True-life chase movie stars the year's toughest screen heroine.

TOLD WITH ALL the simplicity truth demands, Phillip Noyce’s Rabbit-Proof Fence is as much history lesson as movie. (The film opens Christmas Day at the Harvard Exit.) From 1905 to 1971, Aboriginal “half-caste” children in Australia—typically fathered by whites—were, as a matter of government policy, forcibly removed from their families and placed in camps to be trained as domestic servants.

It’s 1931, and 14-year-old Molly (Everlyn Sampi) lives with her mother and grandmother in remote Jigalong Depot (her white father is long gone), when policeman come to abduct her, along with her younger sister and cousin. The scene is almost biblical, a Job-like catastrophe that leaves Molly’s mother and grandmother weeping and wailing in the dust; the two women become part of the landscape, turned to stone with grief.

The order has come from faraway Perth, where A.O. Neville (Kenneth Branagh) holds the Orwellian title of Chief Protector of the Aborigines. In fact, as a slide-lecture luncheon with concerned ladies makes clear, his job is to protect racial separation. “Are we to allow the creation of a third race?” he demands. Each little half-caste child is a like an ink blotch in the neat columns and rows of his clerk’s mind. Branagh makes this villain a bland, iron-willed bureaucrat who needn’t beat children to inflict pain; one tick of his pen can determine their fate.
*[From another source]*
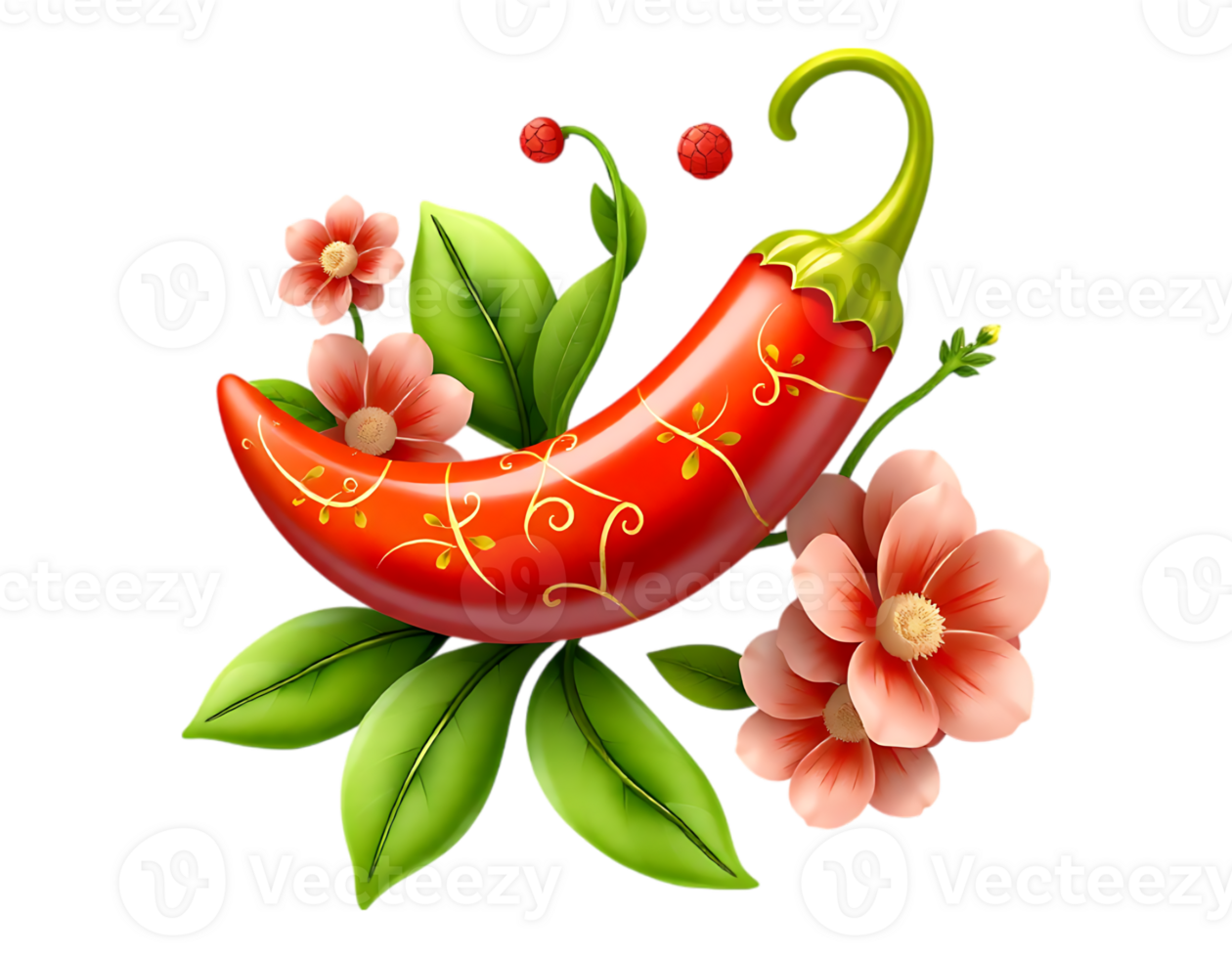 Chili Pepper with Floral Accents png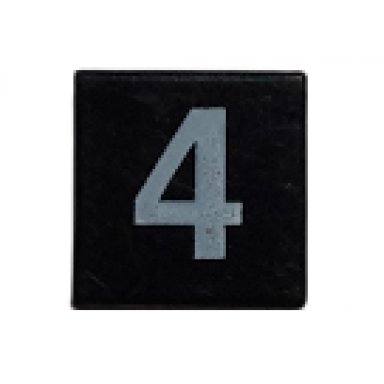 black tile 1 x 1 with white number 4 pattern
But Neville has met his match in Molly. She knows her way around the bush: how to track, how to hunt, how to survive. After being transported 1,500 miles south by train (where the three girls are caged like dogs), Molly decides to escape and walk home along the rabbit-proof fence that bisects Western Australia from north to south. From there, it’s a battle of wits between Neville in his map-strewn office and Molly in the field, as Fence turns into a chase movie, with the three girls pursued by an implacable but not unsympathetic Aboriginal tracker (David Gulpilil, Walkabout). Framed by Australian scenery that is by turns stark, spooky, and beautiful (thanks to cinematographer Christopher Doyle, In the Mood for Love), this homeward odyssey becomes a succinct 94-minute epic. And as she confidently guides her two charges, Molly becomes a small, skinny, knock-kneed epic heroine. You’d follow her, too.